Bowdoin National Wildlife Refuge has lakes, ponds and potholes but it also has prairie. We saw quite a few creatures living out in the fields surrounding the water.
The western kingbird is named such because its range extends through the western portion of North America. Over the past 100 years the range of the western kingbird has been slowly encroaching on that of its cousin the eastern kingbird, including a wintering population is south Florida.
There were plenty of western meadowlarks everywhere that we went it was nice to hear there song as we were driving along.Western meadowlarks can be found in open country such as fields, pastures and grasslands. They are a ground forager. They can often be seen searching the ground and the dirt for bugs, plants and seeds. This bird found itself what looked to be a plump cricket for lunch.

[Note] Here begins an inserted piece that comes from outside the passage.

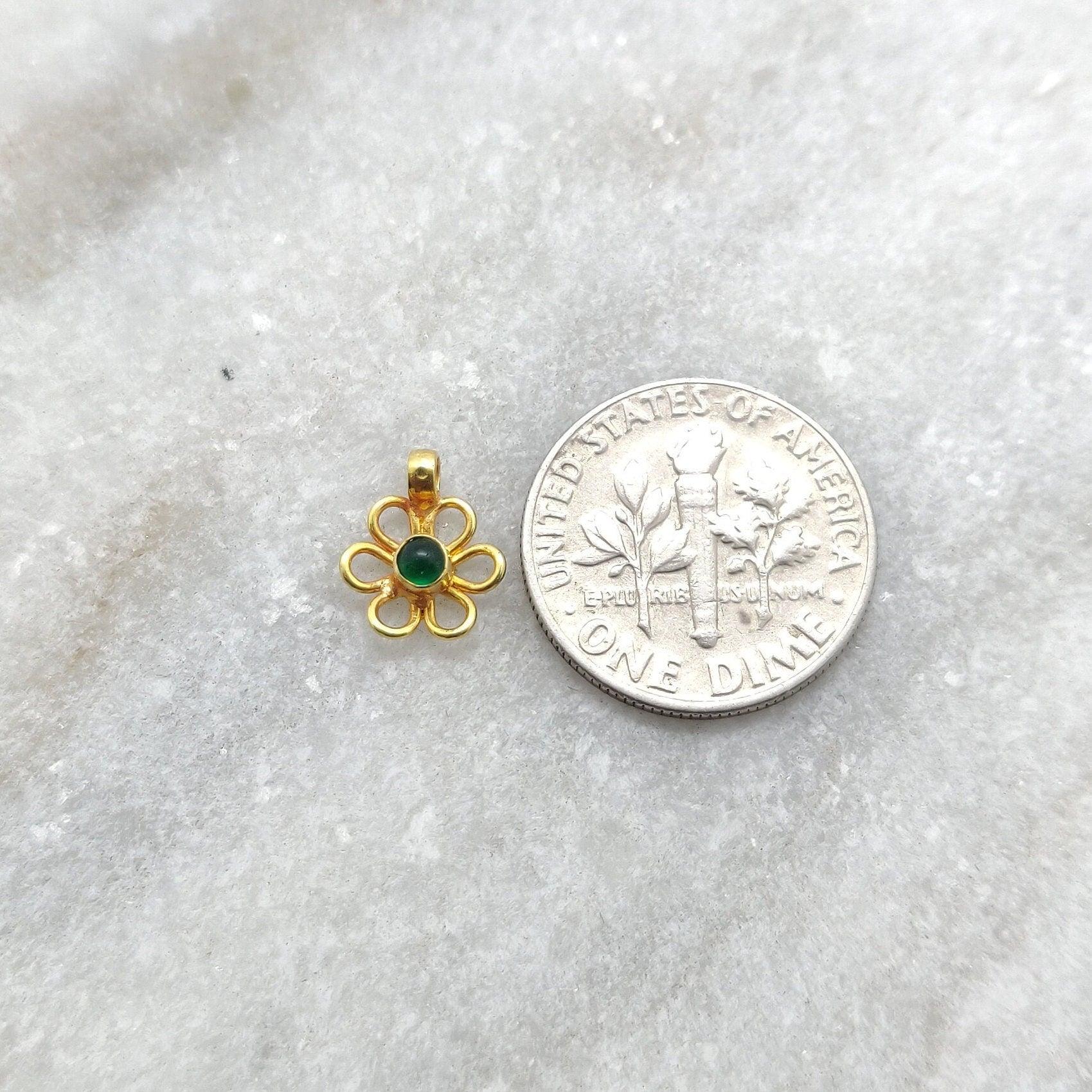 18k Yellow Gold 10mm Floral Charm Pendant - Sar Gems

There were also plenty of insects in the fields including bees of several types, moths, grasshopper, and butterflies, like this sulfur. We were lucky that we did not really have any problems with mosquitoes. Maybe it was still too early in the year or maybe it was the low water level, either way we were grateful for not having to deal with the little pests.
One of the big surprises at Bowdoin was when we came across this pronghorn buck. We had seen a few rodents and other small mammals but we were not expecting to see anything like this while we were out birding. He was resting in the grass but decided to move further away from the road when we stopped the car to take a couple of pics.